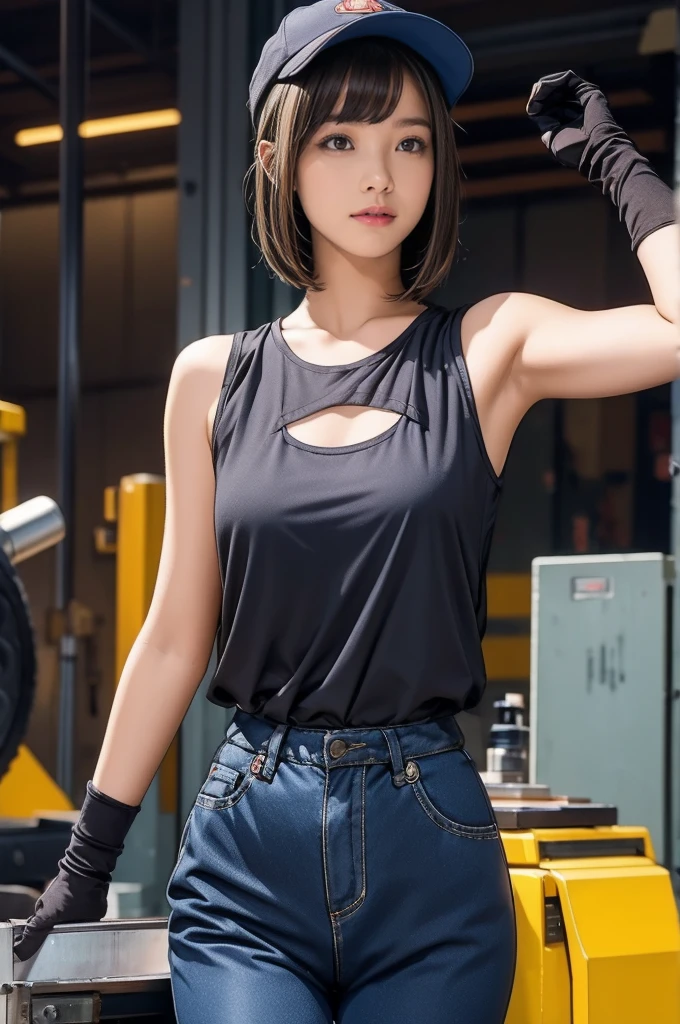 Long Shot, avert your eyes, High resolution、in the factory、Raise your arms、Show your armpits:1.4、Beautiful breasts、、Very slim、Very thin thighs、Girl worker、Working on the machine、Have the tools、Embarrassed Laugh、Tank top:1.3、Heavy duty work trousers、Wearing a sports cap、gloves、Bobcut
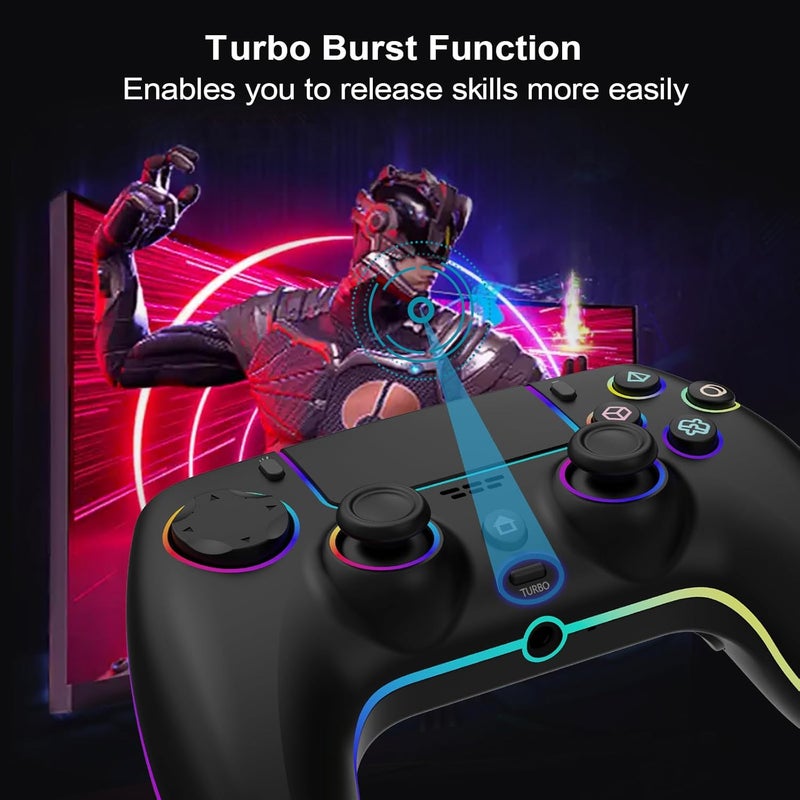 JUNHUAN Wireless Controller for PS5 Pro/PlayStation-5/PC/Mac with Hall Effect joystick trigger/Back Paddles/Cool RGB/Motion Sensor/TURBO/3.5mm Audio Jack - Built-in Speakers Support P-S5 Console Audio - Image 3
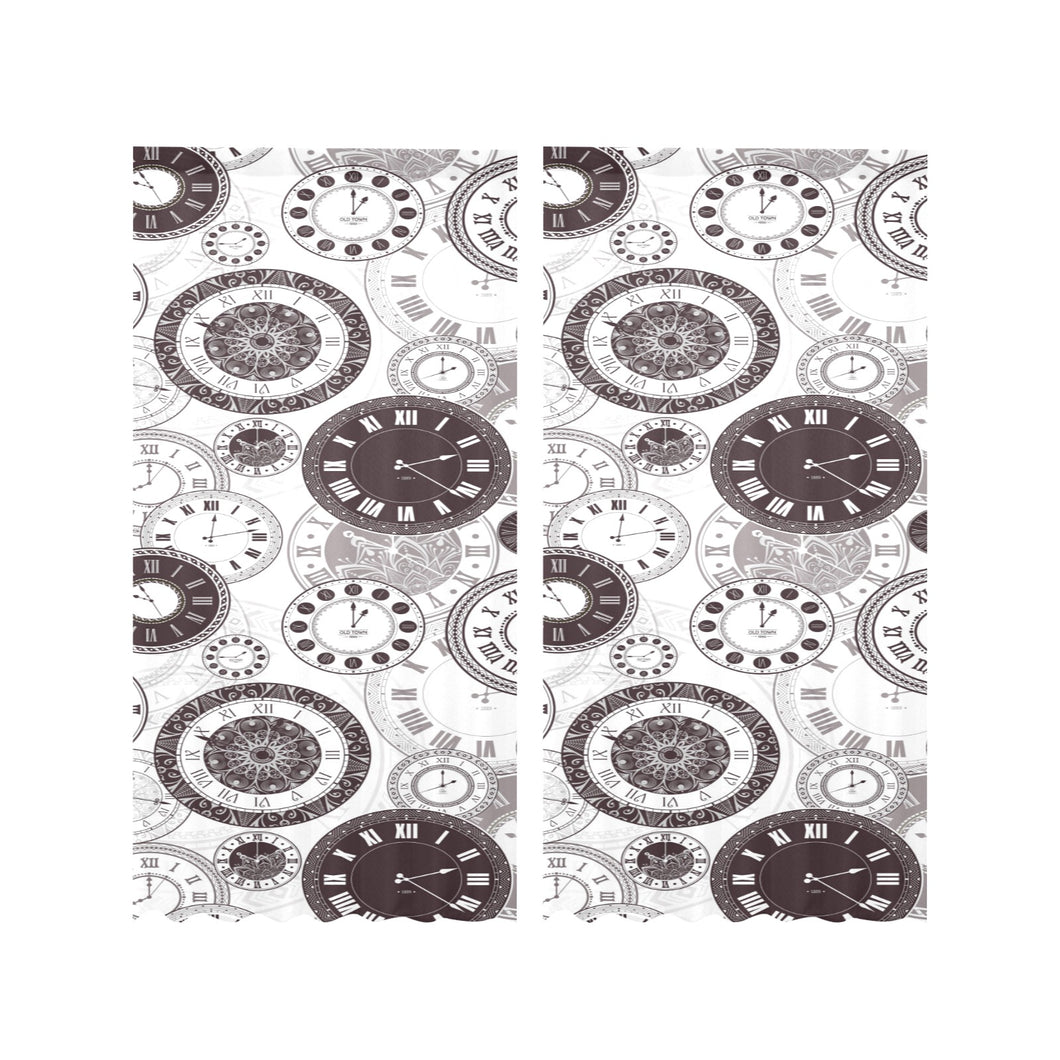 Classic vintage clock pattern Gauze Curtain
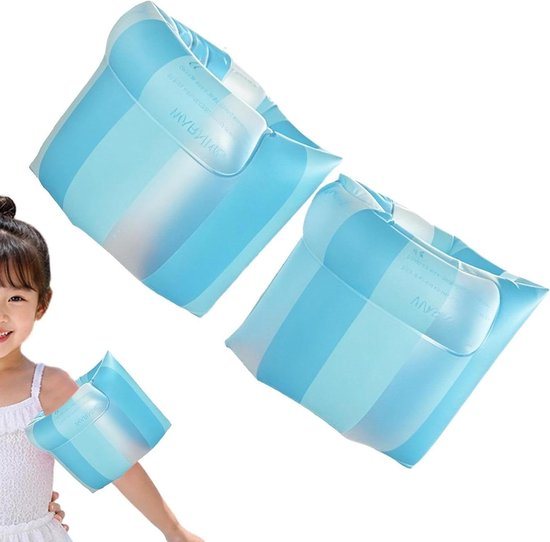 Kinderen Arm Drijvers - Zwembandjes Zwemband - Veilig Zwemmen Leren - Verstelbaar Drijfvermogen - 1 Paar - Blauw Gestreept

========================================================================

Your task:
Using the data above, retype exactly the lines from the line with "JUNHUAN Wireless Controller" to the line with "Classic vintage clock pattern Gauze Curtain", inclusive. No pictures and nothing else.

Final answer:
 JUNHUAN Wireless Controller for PS5 Pro/PlayStation-5/PC/Mac with Hall Effect joystick trigger/Back Paddles/Cool RGB/Motion Sensor/TURBO/3.5mm Audio Jack - Built-in Speakers Support P-S5 Console Audio - Image 3
 Classic vintage clock pattern Gauze Curtain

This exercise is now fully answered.